== Segment start ==

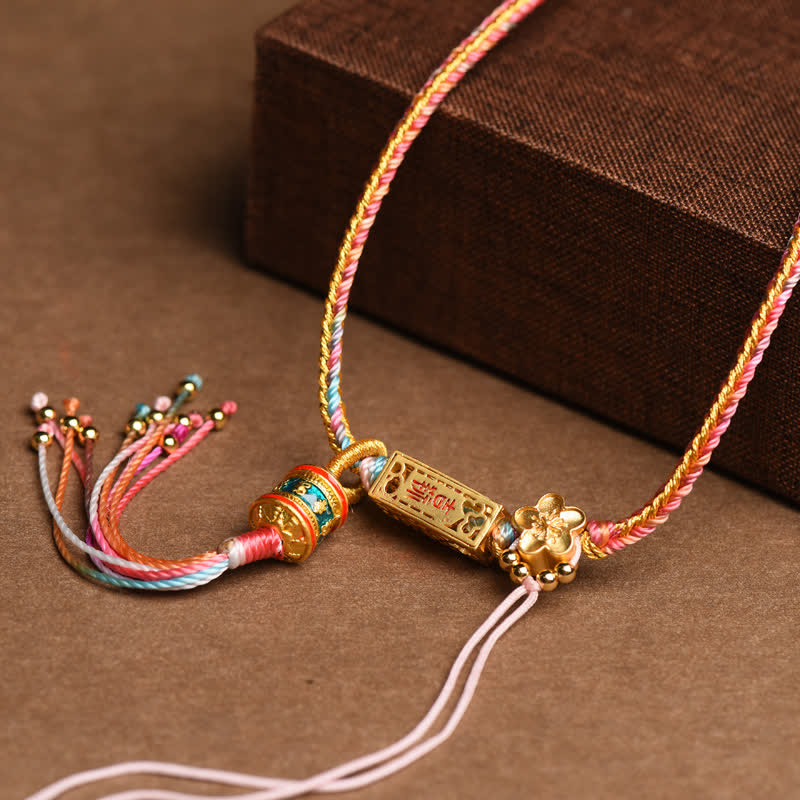 Colgante de collar de riqueza de cobre con cadena colorida de Buddha Stones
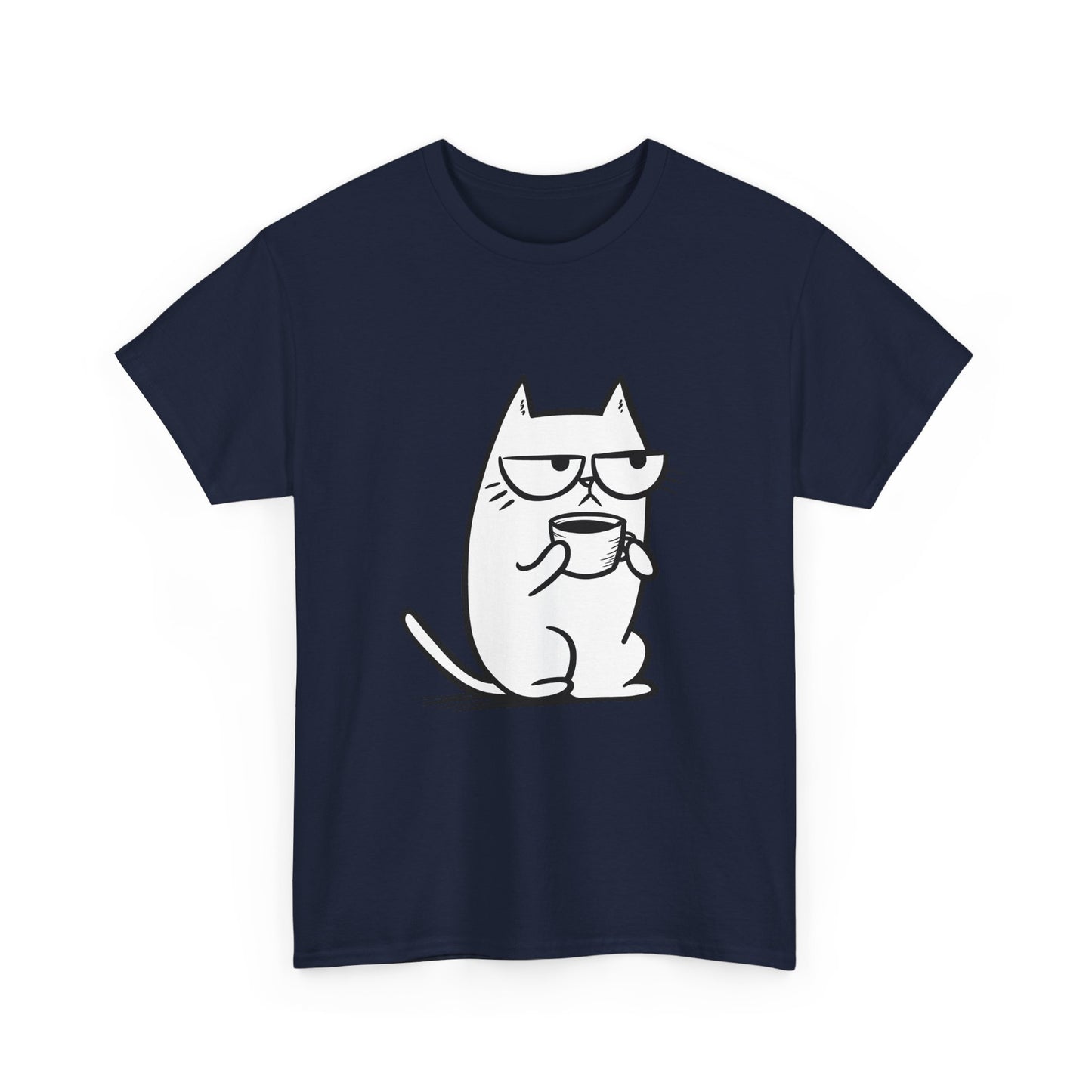 Sustainable Cotton T-Shirt - Sarcastic Cat with Mug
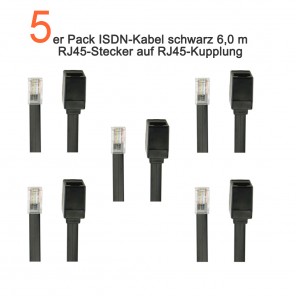 RJ45 Verlängerungskabel RJ45-Stecker/Kupplung 6 Meter schwarz - ISDN-Kabel, vergoldete Kontakte, 5-er Pack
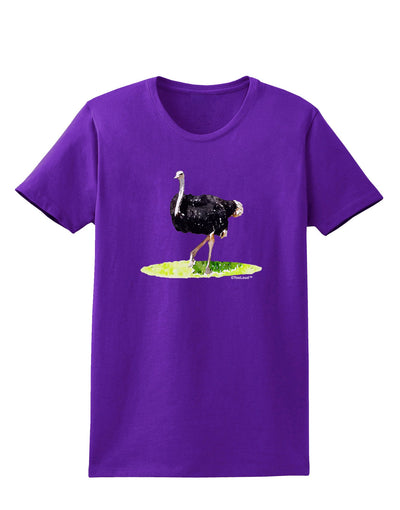 Ostrich Watercolor Womens Dark T-Shirt-TooLoud-Purple-X-Small-Davson Sales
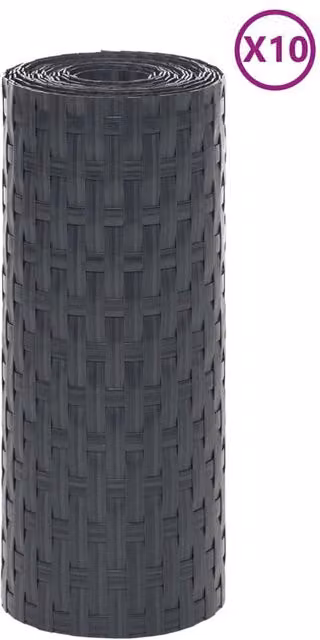 Berkfield Home Decorative Balcony Screens, 10 Pack, Anthracite Grey Poly Rattan, H 255 x W 19 cm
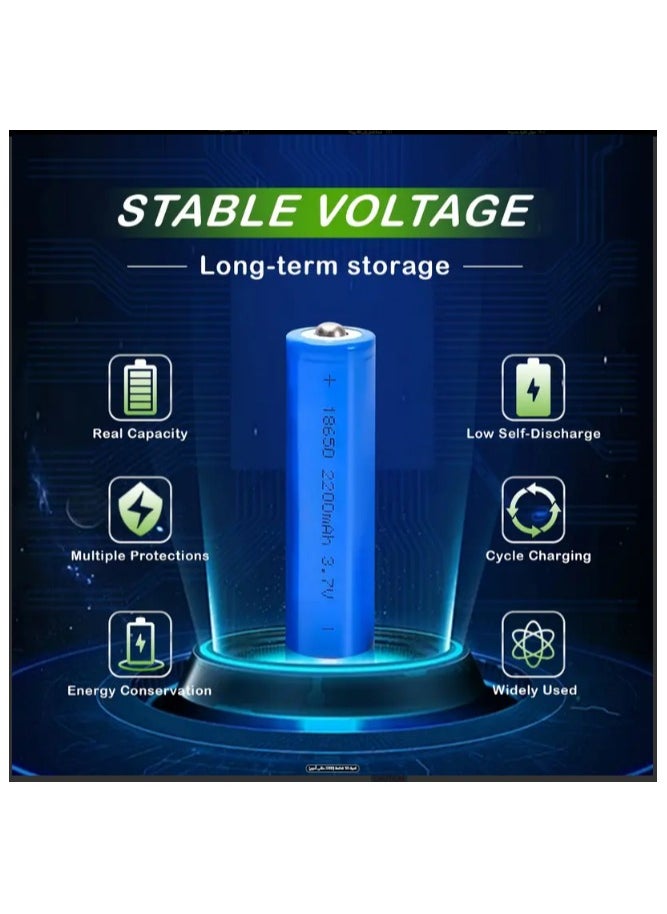 أيون 10 بطارية 18650 قابلة لإعادة الشحن، 3.7 فولت، 2200 مللي أمبير، شحن USB، رأس زر، للمصابيح الأمامية، المراوح، الأضواء الشمسية، المصابيح اليدوية، الأجهزة المنزلية، السفر  - Image 4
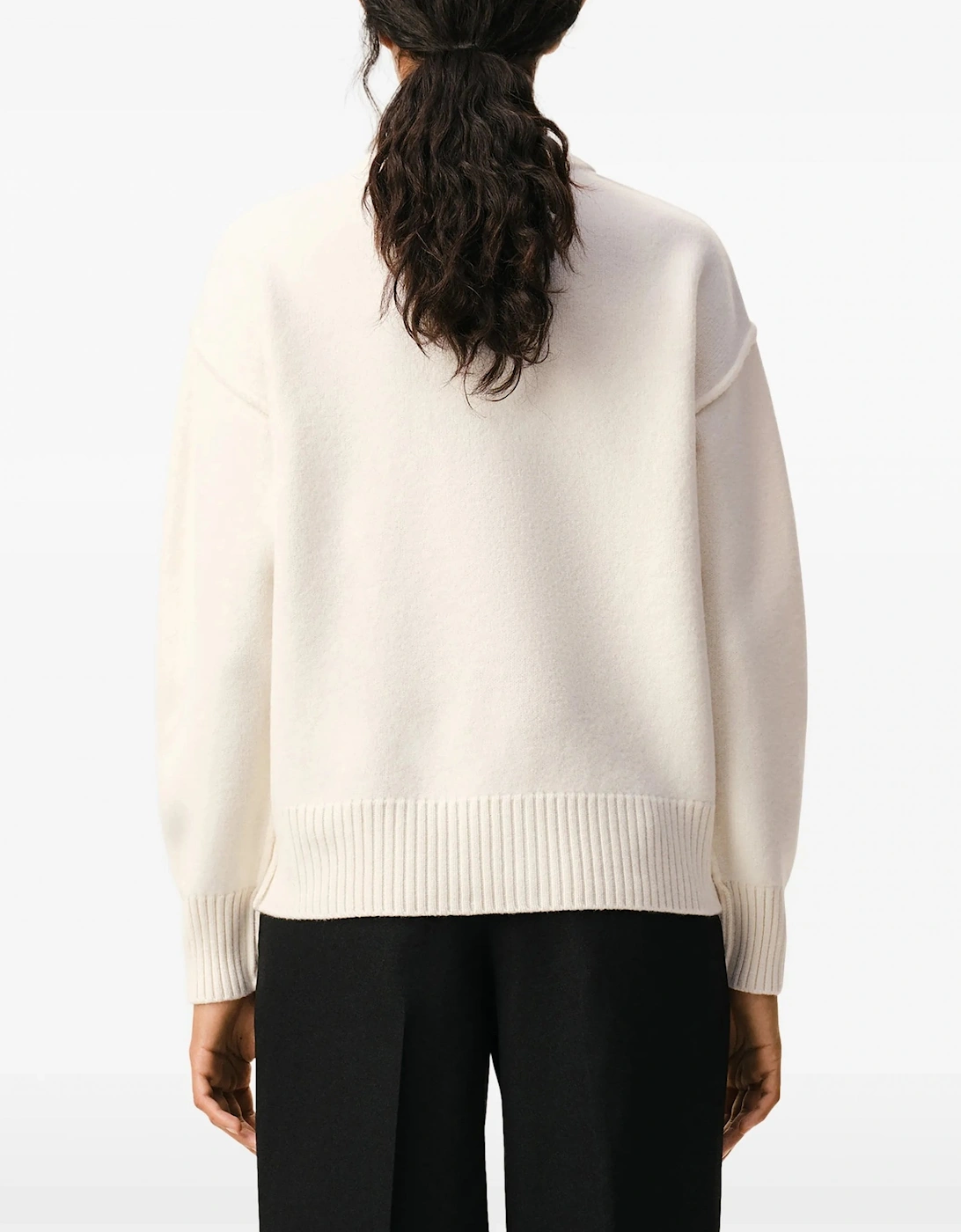 Contrasted Ami de Coeur Cardigan White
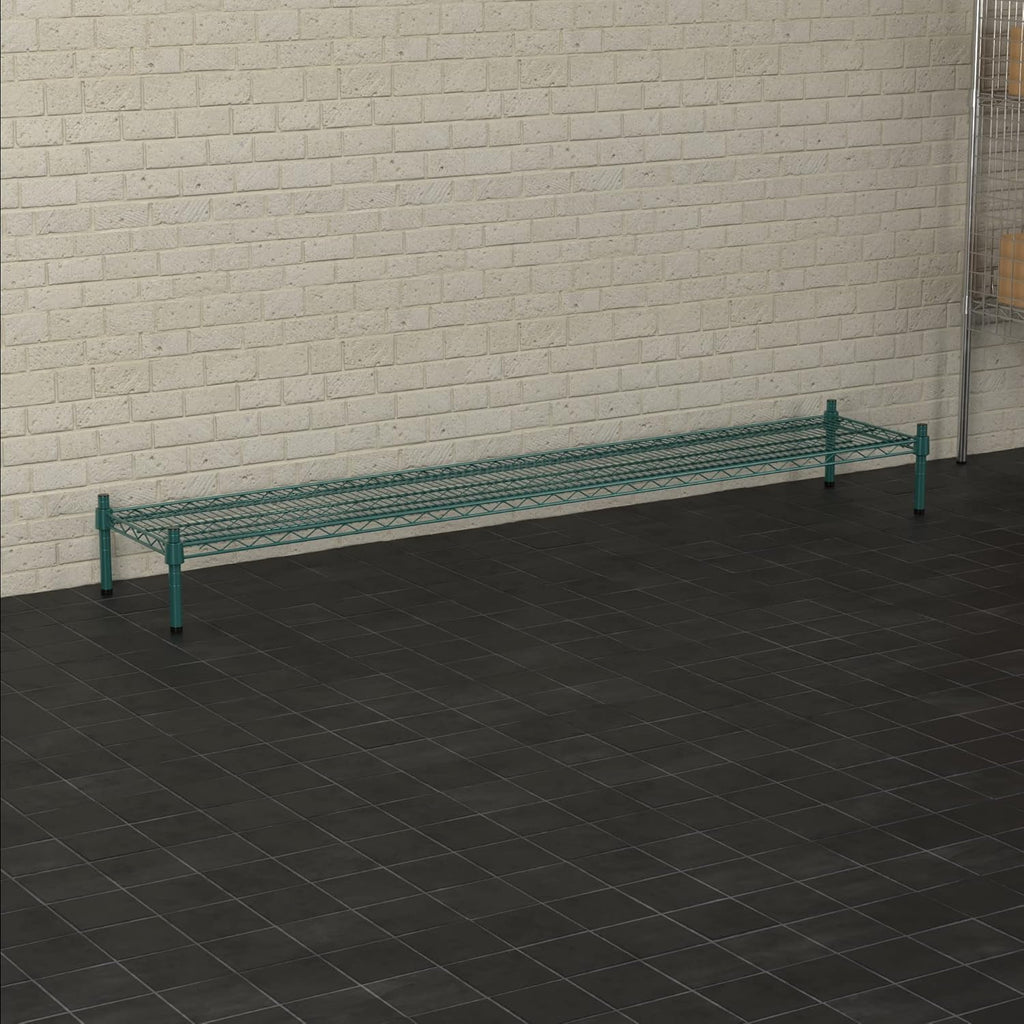 14" x 72" NSF Green Wire Stationary Dunnage Storage Rack with 8" Posts Ideal for Commercial Kitchen Home Garage Warehouse Shelters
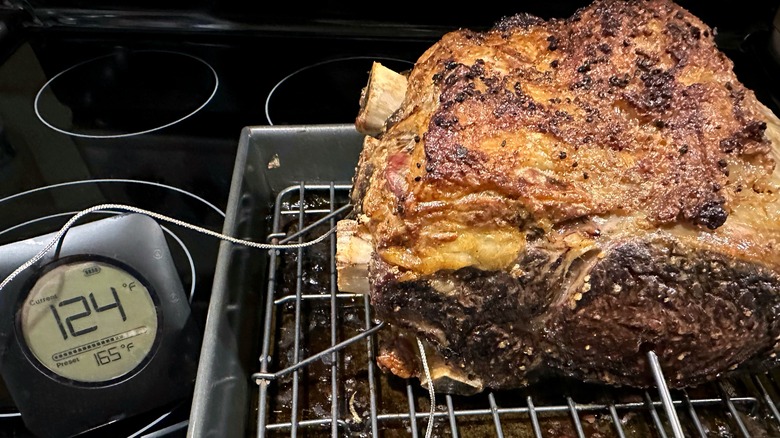 Meat thermometer in prime rib roast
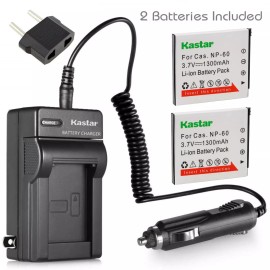 Kastar NP-60 CNP60  for Casio Exilim EX-FS10 EX-S10 EX-S12 EX-Z9 EX-Z19 EX-Z20 - 1 Regular Charger + 2 Batteries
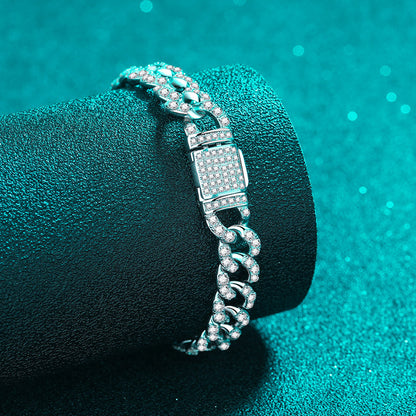 Unisex Water Light Bow Bracelet with 4.2-5.48ct Moissanite Options, 5-Layer Rhodium Plated Sterling Silver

== Segment end ==

> **Work required**
Please return the full listing word for word, but without any pictures.

> **Result of the task**
 Colgante de collar de riqueza de cobre con cadena colorida de Buddha Stones
 Sustainable Cotton T-Shirt - Sarcastic Cat with Mug
 RJ45 Verlängerungskabel RJ45-Stecker/Kupplung 6 Meter schwarz - ISDN-Kabel, vergoldete Kontakte, 5-er Pack
 Ostrich Watercolor Womens Dark T-Shirt-TooLoud-Purple-X-Small-Davson Sales
 Berkfield Home Decorative Balcony Screens, 10 Pack, Anthracite Grey Poly Rattan, H 255 x W 19 cm
 أيون 10 بطارية 18650 قابلة لإعادة الشحن، 3.7 فولت، 2200 مللي أمبير، شحن USB، رأس زر، للمصابيح الأمامية، المراوح، الأضواء الشمسية، المصابيح اليدوية، الأجهزة المنزلية، السفر  - Image 4
 Contrasted Ami de Coeur Cardigan White
 14" x 72" NSF Green Wire Stationary Dunnage Storage Rack with 8" Posts Ideal for Commercial Kitchen Home Garage Warehouse Shelters
 Meat thermometer in prime rib roast
 Kastar NP-60 CNP60  for Casio Exilim EX-FS10 EX-S10 EX-S12 EX-Z9 EX-Z19 EX-Z20 - 1 Regular Charger + 2 Batteries
 Unisex Water Light Bow Bracelet with 4.2-5.48ct Moissanite Options, 5-Layer Rhodium Plated Sterling Silver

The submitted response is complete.